CORVALLIS, Ore. - Researchers at Oregon State University are seeking volunteers for a study to evaluate biomarkers for smoking-related cancer risk.
The research is being coordinated through the Department of Biomedical Sciences at OSU, which studies human and animal health, including cancer chemoprevention and treatment. A team of researchers from Biomedical Sciences, the Linus Pauling Institute at OSU and Samaritan Health Services in Corvallis will conduct the study.
“Cancer risk is a combination of genetics and environment.” explained John Mata, a research professor in the OSU College of Veterinary Medicine’s Biomedical Sciences Department and principal investigator for the project. “Our aim is to use new analytical tools to measure the damage that comes from carcinogens, including cigarette smoke found in our everyday lives.

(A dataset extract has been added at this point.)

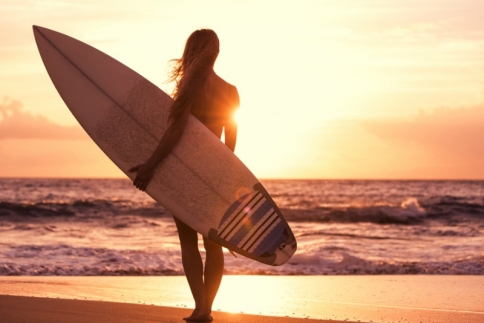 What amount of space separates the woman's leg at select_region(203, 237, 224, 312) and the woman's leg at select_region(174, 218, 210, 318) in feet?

“Once we are confident that we can make these measurements, we hope to evaluate interventions with micronutrients found in our diet and in some dietary supplements that may help to prevent cancers later in life,” Mata added.
Volunteers for the study should be between the ages of 18 and 65. Samaritan Health Services plans to enroll 20 non-smokers and 20 active smokers for the study. Volunteers who smoke will have their blood drawn on two different occasions and give a urine sample on two different occasions, and will be offered a total of $50 for volunteering. Non-smoking volunteers will give blood and urine samples once and will be offered a total of $25 for volunteering.
Free smoking cessation classes also will be offered to participants in the study, along with $20 compensation for smoking cessation supplies.
Enrollment criteria will be assessed through a questionnaire. To find out eligibility requirements for volunteers, or get more information about the study, call 541-768-6884.
Mata said the goal of this pilot study is to test new methods of assessing damage from smoking. The information generated through this work will be used to design studies to test the effectiveness of natural products found in dietary supplements and in foods that can help reduce the risk of developing cancer.
The project continues the work pioneered by George Bailey, who has the title of Distinguished Professor at OSU and is a national leader in the study of the role of chlorophylls to reduce cancer risk from exposure to carcinogens. Bailey recently retired to emeritus status after a long career, but remains active in collaborative research with his OSU colleagues.
Other researchers involved in the study include Carole Jubert, a research associate with OSU’s Linus Pauling Institute; Scott Gustafson, a veterinary surgeon at OSU; and physician Kevin Ewanchyna and pharmacist Jacqueline Joss with Samaritan Health Services.
The study is funded by the John C. Erkkila Foundation and through a donation from the estate of former Corvallis veterinarian Leland Gross.